Our students used sandwiches, soft drinks, tights and a large amount of elbow grease to simulate the digestive process from start to finish.
It was the first time that the practical lesson took place as part of the food technology syllabus and it proved a big hit, emphasising the importance of good nutrition and mimicking the passage of food through the gut.
The Year 7 and 8 students chopped banana sandwiches into pieces, added water as a saliva substitute and then mashed the mixture to mimic chewing. It was then placed into a Ziploc bag with cola added to imitate stomach acid. After a few minutes of squeezing to churn the food it was emptied into tights as a replica small intestine. The substance was squeezed through a paper towel, representing the large intestine, to remove excess water and remaining nutrients before the final waste material was discarded.

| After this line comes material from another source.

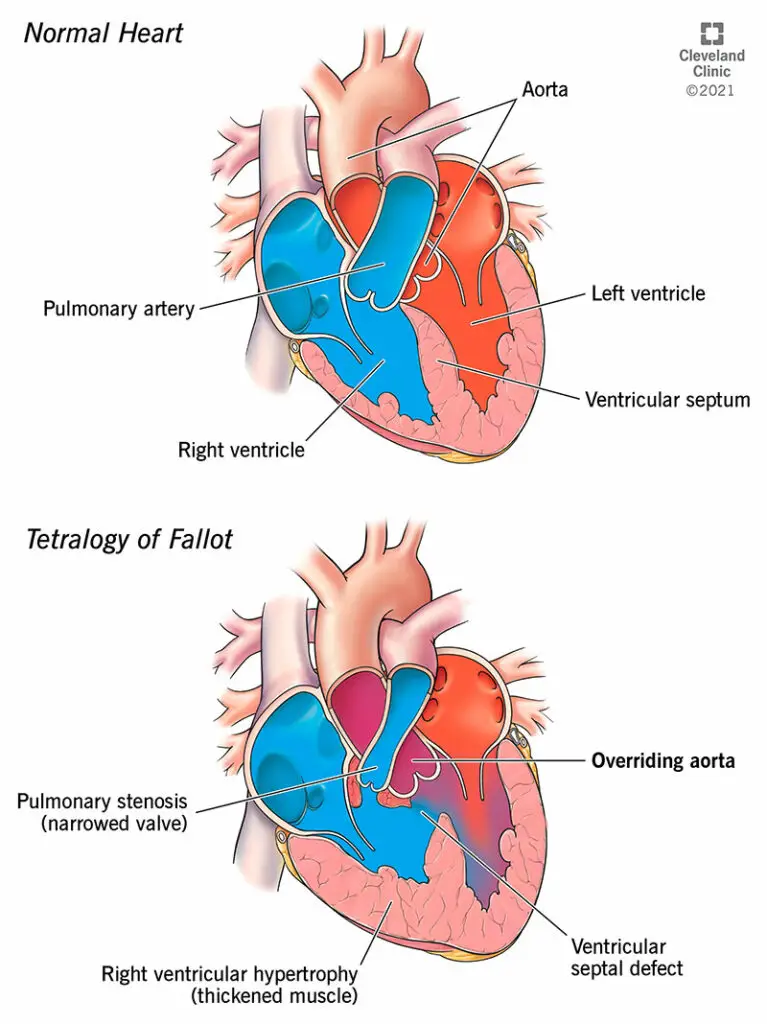 23347 overriding aorta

Food technology teacher Natasha Chiremba said: ‘This lesson was fascinating for the students as it gave them an illustration of how food is processed in our bodies. This is an important part of food technology as it shows how important things like wholesome food, fibre and water are for our everyday health and wellbeing.
‘There is a lot of science associated with food technology so this is a good introduction for the students. Everyone needs to know the basics of good nutrition and so this lesson was a great way for them to see how is effectively processed by our bodies by a variety of muscle actions and chemical reactions. It certainly proved a popular lesson and I think it is one that the students won’t forget in a hurry!’